Web page caption snippets
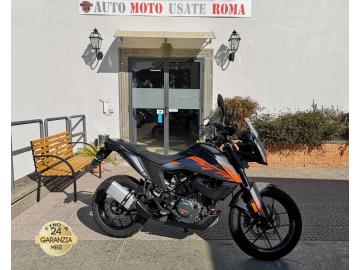 KTM 390 ADVENTURE
Immatricolato 2024, 373cc, 2.800km, 44Cv 32Kw, Euro5.
*** Fattura 1 tagliando Ktm ***
Con: Motore Monocilindrico, cambio manuale a 6 rapporti, Abs, computer di bordo, ride by wire, Faro a Led, Forcella WP APEX 43 con cartuccia aperta, regolabile in compressione ed estensione, Monoammortizzatore WP APEX regolabile nel precarico e in estensione, disco freno anteriore da 320mm e posteriore da 230mm, cerchi da 19†anteriore e da 17†posteriore.
Rimangono sempre esclusi i costi :
-del passaggio di proprietà pari ad euro 200,00.
-messa su strada pari ad euro 300,00 che include l'attivazione della garanzia di 12 mesi completa, controlli e o tagliando completo preconsegna all'occorrenza (olio,filtro olio, filtro aria e tutti i componenti necessari al ripristino), 12 mesi di garanzia estendibili a 24 36mesi in base al veicolo e copre i componenti non soggetti ad usura (dettagli in sede).
Il prezzo del veicolo pubblicizzato è stato calcolato utilizzando tutte le campagne commerciali a disposizione.
*************
I NOSTRI SERVIZI :
-Acquisto diretto con pagamento immediato
-conto vendita
-vendita auto, moto e scooter usati e garantiti
-vendita veicoli d'epoca
-permuta auto con moto e viceversa
-noleggio breve e lungo termine
-finanziamenti personalizzati (rata costante,mini e maxi rate, leasing)
-assistenza post-vendita con società di garanzie e officine partner
-assicurazioni
-consulenze e stime per acquisti tra privati
VISITA il nostro sito internet: automotousateroma.it oppure scarica la nostra App: automotousateroma dall' Apple store o Play store per restare aggiornato sui nostri ultimi arrivi.
VIENI A TROVARCI PER VEDERE DAL VIVO QUESTO VEICOLO :
Auto Moto Usate Roma s.r.l.Via Appia Nuova 23, 00047, Marino (RM) (adiacente Sorelle Ramonda)
*************
HAI UNA PERMUTA?
compila il form sull'App o nel nostro sito automotousateroma.it
oppure inviaci foto e descrizione (modello anno km motore ...)
al nostro numero whatsapp : Cell. 351-4646876 o Whats. 366-6562866 Fisso 06-7215841 e-mail : info@automotousateroma.it
*************
La Auto Moto Usate Roma Srl declina ogni responsabilità per eventuali involontarie incongruenze che non rappresentano in alcun modo un impegno contrattuale e invitano i clienti a verificare sempre dal vivo la correttezza dei dati che potrebbero non coincidere con l’effettivo equipaggiamento del veicolo spesso dovuto alla incompatibilità dei dati trasmessi sulle varie piattaforme web. KTM 390 ADVENTURE
Immatricolato 2024, 373cc, 2.800km, 44Cv 32Kw, Euro5.
*** Fattura 1 tagliando Ktm ***
Con: Motore Monocilindrico, cambio manuale a 6 rapporti, Abs, computer di bordo, ride by wire, Faro a Led, Forcella WP APEX 43 con cartuccia aperta, regolabile in compressione ed estensione, Monoammortizzatore WP APEX regolabile nel precarico e in estensione, disco freno anteriore da 320mm e posteriore da 230mm, cerchi da 19†anteriore e da 17†posteriore.
Rimangono sempre esclusi i costi :
-del passaggio di proprietà pari ad euro 200,00.
-messa su strada pari ad euro 300,00 che include l'attivazione della garanzia di 12 mesi completa, controlli e o tagliando completo preconsegna all'occorrenza (olio,filtro olio, filtro aria e tutti i componenti necessari al ripristino), 12 mesi di garanzia estendibili a 24 36mesi in base al veicolo e copre i componenti non soggetti ad usura (dettagli in sede).
Il prezzo del veicolo pubblicizzato è stato calcolato utilizzando tutte le campagne commerciali a disposizione.
*************
I NOSTRI SERVIZI :
-Acquisto diretto con pagamento immediato
-conto vendita
-vendita auto, moto e scooter usati e garantiti
-vendita veicoli d'epoca
-permuta auto con moto e viceversa
-noleggio breve e lungo termine
-finanziamenti personalizzati (rata costante,mini e maxi rate, leasing)
-assistenza post-vendita con società di garanzie e officine partner
-assicurazioni
-consulenze e stime per acquisti tra privati
VISITA il nostro sito internet: automotousateroma.it oppure scarica la nostra App: automotousateroma dall' Apple store o Play store per restare aggiornato sui nostri ultimi arrivi.
VIENI A TROVARCI PER VEDERE DAL VIVO QUESTO VEICOLO :
Auto Moto Usate Roma s.r.l.Via Appia Nuova 23, 00047, Marino (RM) (adiacente Sorelle Ramonda)
*************
HAI UNA PERMUTA?
compila il form sull'App o nel nostro sito automotousateroma.it
oppure inviaci foto e descrizione (modello anno km motore ...)
al nostro numero whatsapp : Cell. 351-4646876 o Whats. 366-6562866 Fisso 06-7215841 e-mail : info@automotousateroma.it
*************
La Auto Moto Usate Roma Srl declina ogni responsabilità per eventuali involontarie incongruenze che non rappresentano in alcun modo un impegno contrattuale e invitano i clienti a verificare sempre dal vivo la correttezza dei dati che potrebbero non coincidere con l’effettivo equipaggiamento del veicolo spesso dovuto alla incompatibilità dei dati trasmessi sulle varie piattaforme web.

# Exercise objective
What you give back must be the data above, reproduced exactly and free of pictures.

# Exercise solution
 KTM 390 ADVENTURE
Immatricolato 2024, 373cc, 2.800km, 44Cv 32Kw, Euro5.
*** Fattura 1 tagliando Ktm ***
Con: Motore Monocilindrico, cambio manuale a 6 rapporti, Abs, computer di bordo, ride by wire, Faro a Led, Forcella WP APEX 43 con cartuccia aperta, regolabile in compressione ed estensione, Monoammortizzatore WP APEX regolabile nel precarico e in estensione, disco freno anteriore da 320mm e posteriore da 230mm, cerchi da 19†anteriore e da 17†posteriore.
Rimangono sempre esclusi i costi :
-del passaggio di proprietà pari ad euro 200,00.
-messa su strada pari ad euro 300,00 che include l'attivazione della garanzia di 12 mesi completa, controlli e o tagliando completo preconsegna all'occorrenza (olio,filtro olio, filtro aria e tutti i componenti necessari al ripristino), 12 mesi di garanzia estendibili a 24 36mesi in base al veicolo e copre i componenti non soggetti ad usura (dettagli in sede).
Il prezzo del veicolo pubblicizzato è stato calcolato utilizzando tutte le campagne commerciali a disposizione.
*************
I NOSTRI SERVIZI :
-Acquisto diretto con pagamento immediato
-conto vendita
-vendita auto, moto e scooter usati e garantiti
-vendita veicoli d'epoca
-permuta auto con moto e viceversa
-noleggio breve e lungo termine
-finanziamenti personalizzati (rata costante,mini e maxi rate, leasing)
-assistenza post-vendita con società di garanzie e officine partner
-assicurazioni
-consulenze e stime per acquisti tra privati
VISITA il nostro sito internet: automotousateroma.it oppure scarica la nostra App: automotousateroma dall' Apple store o Play store per restare aggiornato sui nostri ultimi arrivi.
VIENI A TROVARCI PER VEDERE DAL VIVO QUESTO VEICOLO :
Auto Moto Usate Roma s.r.l.Via Appia Nuova 23, 00047, Marino (RM) (adiacente Sorelle Ramonda)
*************
HAI UNA PERMUTA?
compila il form sull'App o nel nostro sito automotousateroma.it
oppure inviaci foto e descrizione (modello anno km motore ...)
al nostro numero whatsapp : Cell. 351-4646876 o Whats. 366-6562866 Fisso 06-7215841 e-mail : info@automotousateroma.it
*************
La Auto Moto Usate Roma Srl declina ogni responsabilità per eventuali involontarie incongruenze che non rappresentano in alcun modo un impegno contrattuale e invitano i clienti a verificare sempre dal vivo la correttezza dei dati che potrebbero non coincidere con l’effettivo equipaggiamento del veicolo spesso dovuto alla incompatibilità dei dati trasmessi sulle varie piattaforme web. KTM 390 ADVENTURE
Immatricolato 2024, 373cc, 2.800km, 44Cv 32Kw, Euro5.
*** Fattura 1 tagliando Ktm ***
Con: Motore Monocilindrico, cambio manuale a 6 rapporti, Abs, computer di bordo, ride by wire, Faro a Led, Forcella WP APEX 43 con cartuccia aperta, regolabile in compressione ed estensione, Monoammortizzatore WP APEX regolabile nel precarico e in estensione, disco freno anteriore da 320mm e posteriore da 230mm, cerchi da 19†anteriore e da 17†posteriore.
Rimangono sempre esclusi i costi :
-del passaggio di proprietà pari ad euro 200,00.
-messa su strada pari ad euro 300,00 che include l'attivazione della garanzia di 12 mesi completa, controlli e o tagliando completo preconsegna all'occorrenza (olio,filtro olio, filtro aria e tutti i componenti necessari al ripristino), 12 mesi di garanzia estendibili a 24 36mesi in base al veicolo e copre i componenti non soggetti ad usura (dettagli in sede).
Il prezzo del veicolo pubblicizzato è stato calcolato utilizzando tutte le campagne commerciali a disposizione.
*************
I NOSTRI SERVIZI :
-Acquisto diretto con pagamento immediato
-conto vendita
-vendita auto, moto e scooter usati e garantiti
-vendita veicoli d'epoca
-permuta auto con moto e viceversa
-noleggio breve e lungo termine
-finanziamenti personalizzati (rata costante,mini e maxi rate, leasing)
-assistenza post-vendita con società di garanzie e officine partner
-assicurazioni
-consulenze e stime per acquisti tra privati
VISITA il nostro sito internet: automotousateroma.it oppure scarica la nostra App: automotousateroma dall' Apple store o Play store per restare aggiornato sui nostri ultimi arrivi.
VIENI A TROVARCI PER VEDERE DAL VIVO QUESTO VEICOLO :
Auto Moto Usate Roma s.r.l.Via Appia Nuova 23, 00047, Marino (RM) (adiacente Sorelle Ramonda)
*************
HAI UNA PERMUTA?
compila il form sull'App o nel nostro sito automotousateroma.it
oppure inviaci foto e descrizione (modello anno km motore ...)
al nostro numero whatsapp : Cell. 351-4646876 o Whats. 366-6562866 Fisso 06-7215841 e-mail : info@automotousateroma.it
*************
La Auto Moto Usate Roma Srl declina ogni responsabilità per eventuali involontarie incongruenze che non rappresentano in alcun modo un impegno contrattuale e invitano i clienti a verificare sempre dal vivo la correttezza dei dati che potrebbero non coincidere con l’effettivo equipaggiamento del veicolo spesso dovuto alla incompatibilità dei dati trasmessi sulle varie piattaforme web.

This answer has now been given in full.